The Senate Banking Committee, led by Chairman Richard Shelby (R) of Alabama, held a hearing yesterday on the JPMorgan Chase’s admittedly “stupid” trading bets that lost the company at least $2 billion in a very short amount of time. Was the hearing intended to further embarrass the banking giant? Demand answers for what happened? Hardly.
Shelby, generally known as the banking industry’s best and most well-funded buddy, held the hearing to berate federal regulators.
As Dana Milbank explained, Shelby pestered Gary Gensler, head of the Commodity Futures Trading Commission, on when, exactly, his agency learned about JPMorgan’s mismanagement. When Gensler explained he learned of the bets through media reports, just like everyone else, Shelby pounced.
“Press reports!” Shelby echoed, with mock surprise. He smiled. “Were you in the dark?”
Gensler tried to explain that his agency does not yet have authority to regulate the bank, but Shelby interrupted. “So you really didn’t know what was going on … until you read the press reports like the rest of us?” he asked again.
“That’s what I’ve said,” Gensler repeated.
But Shelby wanted him to keep saying it. “You didn’t know there was a problem there until you read the press reports?”

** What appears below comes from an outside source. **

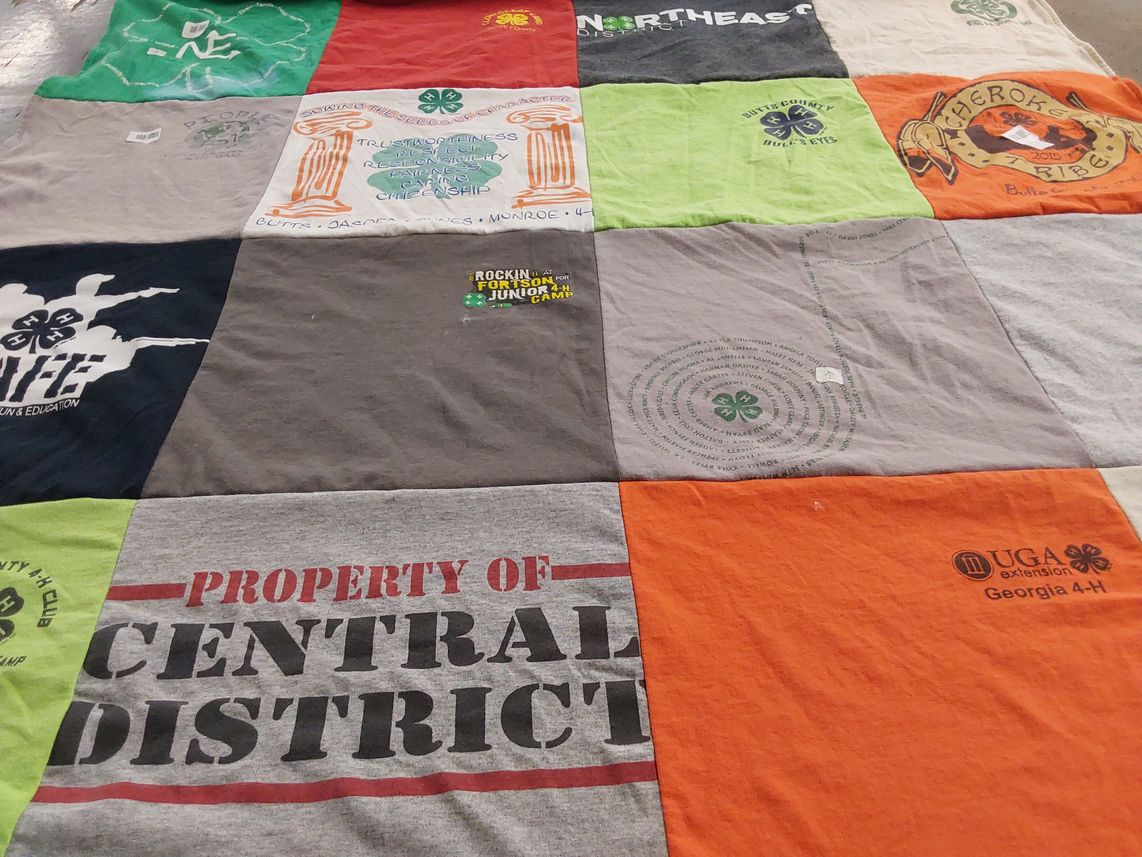 T-shirt quilt from university of georgia by harrileen from GA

JPMorgan Chase has given Shelby tens of thousands of dollars in recent years, and it got its money’s worth yesterday. As Milbank added, “The trading scandal at JPMorgan highlighted the urgent need for tougher regulation of Wall Street, but Shelby’s harangue was part of a larger effort to use the scandal as justification to repeal regulations.”
Exactly. Shelby shrieked in glee during his show-trial hearing yesterday, arguing that the Commodity Futures Trading Commission struggled in its oversight role during JPMorgan’s mismanagement, which in Shelby’s mind, means the Commodity Futures Trading Commission should have a weaker oversight role.
I’ve been trying to come up with a metaphor Shelby might understand. Let’s try this: imagine there’s a fire department that’s having trouble learning about and putting out fires.
In our hypothetical, this fire department has employed capable people, but they lack the tools and resources to quickly identify where fires break out, and get to the scene in a hurry.